The status of the individual carrying out the work is
important, as it determines the extent to which employment laws in the UK will apply
and the family’s obligations.

Generally, an employee is required to carry out work
personally, usually for a minimum number of hours, in return for payment and is
directed where, when and how this should be done. For example, this may typically include a
personal assistant, nanny or cleaner where there is regular agreed work but may
exclude a maintenance worker where ad hoc work is required. Employees have minimum legal rights that
apply regardless of any agreement with the family, including entitlement to
minimum wage, paid holidays, statutory sick pay and minimum notice of
termination.

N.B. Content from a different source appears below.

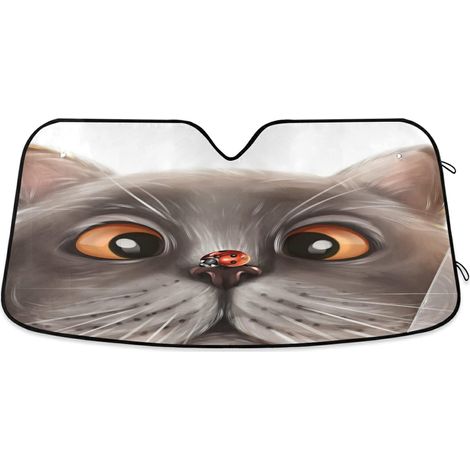 321 Pare-Brise-Soleil Couverture Yeux De Chat Orange Pare-Soleil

In addition, employees are
protected from unfair dismissal and discrimination.

What are the key
issues prior to commencement of employment?

Prior to the commencement of an employment relationship, the
family should review the prospective employee's CV and consider requiring
consent to a background check to confirm their suitability for the role. It is common to check past work experience
by way of references and sometimes credit history and criminal convictions,
particularly if the individual will care for family children.

If the employee is suitable, it is a requirement that the
family check that he or she has the right to work in the UK before
commencement of employment. The family
should request to see the employee’s original passport and, for non-EU
nationals, a work visa and take a copy of the page confirming his or her
immigration status. A failure to carry
out immigration checks could result in a civil fine of up to £10,000 for each
illegal worker and amount to a criminal offence.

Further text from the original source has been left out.